Oui, tous ces livres ont été des sources de documentation, qu’ils soient écrits par des historiens, des biographes ou des mathématiciens sur Évariste, mais aussi sur cette période précise du XIXe siècle, par des historiens spécialistes de la monarchie de Juillet, des Trois glorieuses, des mouvements politiques ou philosophiques, de l’urbanisme, etc. J’ai lu aussi des romans de Balzac et de Jules Vallès, mais aucun sur Évariste, même s’il y en a peu. Lorsque je récris des textes anciens (Gilgamesh, Antigone, Héraclès, Tristan et Iseut…) ou la vie d’un personnage historique (Jeanne d’Arc), je ne vais jamais voir ce que d’autres romanciers ont produit avant moi. C’est trop dangereux. Je ne sais pas encore ce que je vais construire, alors que les autres ont déjà terminé. En d’autres termes, je suis devant une masse de questions auxquelles je ne sais pas encore répondre et je ne veux pas m’exposer à ceux qui ont déjà tout résolu ! Je ne veux pas connaître leurs solutions, leurs choix.

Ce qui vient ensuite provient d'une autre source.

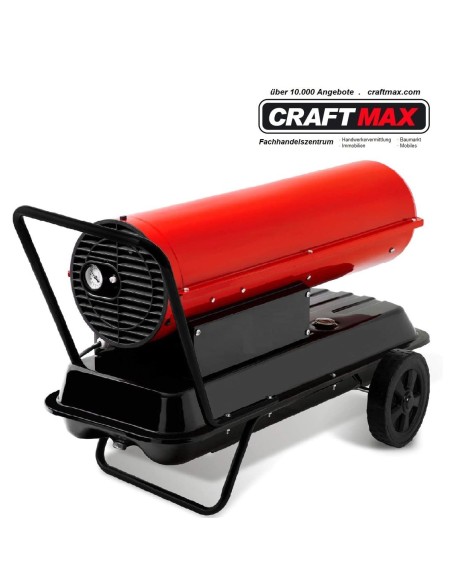 CRAFTMAX-trotech-30kW-Profi-Oelheizgeraet-33L-Kraftstofftank-Ueberhitzungsschutz-Thermostat-elektronische-Zuendung-4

Je ne veux pas me laisser influencer par eux. Je me préserve. Je préfère l’incertitude, le doute, la lente progression à la recherche d’indices qui vont façonner ma vérité, même si cela me prend un temps fou, plutôt que d’emprunter des raccourcis en allant voir comment les autres ont fait. Non, je n’ai jamais dérogé à cette règle pour aucun des sujets que j’ai traités.

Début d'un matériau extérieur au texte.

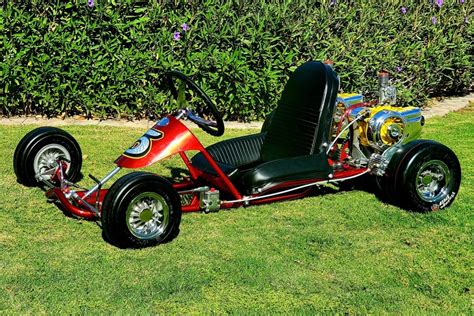 No Reserve Twin Engine 1965 Rupp Grand Prix Go Kart For Sale On BaT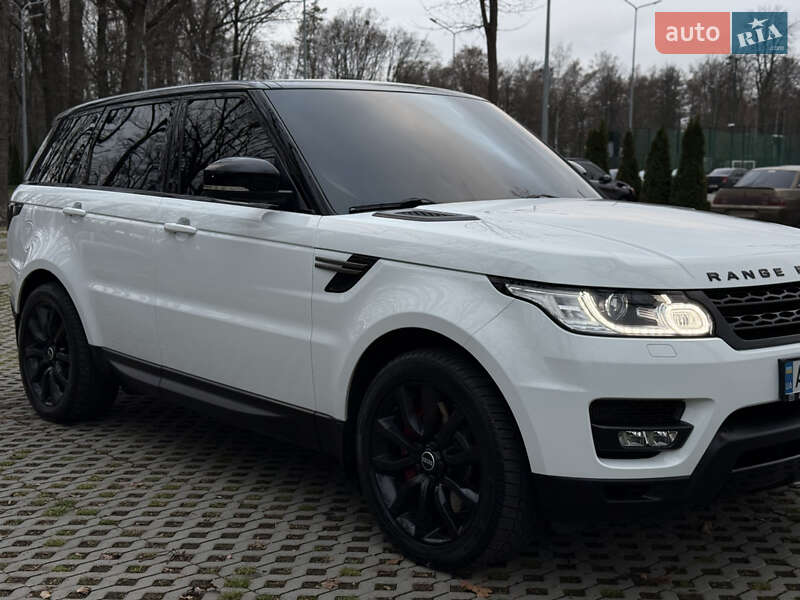 Внедорожник / Кроссовер Land Rover Range Rover Sport 2014 в Харькове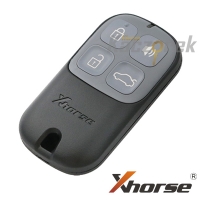 Xhorse 025 - XKXH00EN - surový klíč - dálkový ovladač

Les raccourcis sont le plus sûr moyen de nous égarer.

Lorsque j’ai terminé, je veux pouvoir dire : voici comment je vois tel personnage, voici ce que j’ai tiré de ma documentation, de mes recherches, de ma réflexion, de ma sensibilité ! J’ai commis des erreurs, je ne suis pas infaillible, mais ce livre est MON livre. J’en suis l’auteur. Mon travail est original, au sens étymologique du terme. J’en suis l’origine. Je suis LÉ-GI-TIME !

La question de la légitimité est cruciale

quand on est, comme moi, un ignorant qui s’aventure dans le monde des savants. En effet, être un amateur et oser pénétrer sans laisser-passer dans un milieu fermé où déambulent les maîtres d’une spécialité, c’est un peu comme être un maraudeur qui saute la barrière d’un verger. Vous risquez de prendre du plomb, sauf si vous avez à faire à un propriétaire bienveillant. C’est rare, mais ils existent ; j’en ai rencontré (je cite toujours l’assyriologue Jean Bottéro). Il y a aussi les propriétaires qui ferment les yeux parce qu’ils vous trouvent insignifiant. Dans ce cas, vous n’avez à craindre que l’indifférence, ce qui est parfois pire. Contre une carabine, en effet, vous pouvez toujours être dans la ligne de mire d’un tireur maladroit. L’indifférence, elle, ne rate jamais sa cible.


Les candides sont toujours très attendrissants. On leur pardonne leurs erreurs de novices, à condition qu’ils restent à leur place. S’ils ont l’impudence de parler pour faire entendre leur voix dans le domaine des dieux, ils se font dézinguer comme des faisans d’élevage.


En ce qui concerne les auteurs que vous citez, je n’ai pas approché Gauss (je n’avais pas besoin de lui). J’ai, non pas lu, mais consulté, un livre de Lagrange (Réflexions) et évidemment les Éléments de géométrie de Legendre.

Pour aborder Lagrange, j’ai utilisé l’analyse que faisait une mathématicienne, également historienne, de la façon de travailler d’Évariste et j’ai essayé de trouver quels passages auraient pu lui donner l’idée de se lancer dans une recherche initiée par Lagrange. C’est ainsi que je suis tombé sur un paragraphe qui évoque le « problème de la résolution des équations des degrés supérieurs au quatrième », qui a été une des obsessions d’Évariste (cette citation se trouve page 31 de l’édition brochée de mon livre et 39 de la version poche.)

Je vous assure que je jubilais d’être tombé sur ce passage. J’allais pouvoir m’en servir pour rendre vivante la réflexion d’Évariste. Quant à savoir si c’est bien cette remarque-là qui lui a donné l’idée de se lancer dans cette recherche, personne ne peut le dire et cela n’avait aucune importance pour moi. Seule comptait la découverte d’un détail vrai sur lequel m’appuyer pour rendre mon récit vraisemblable.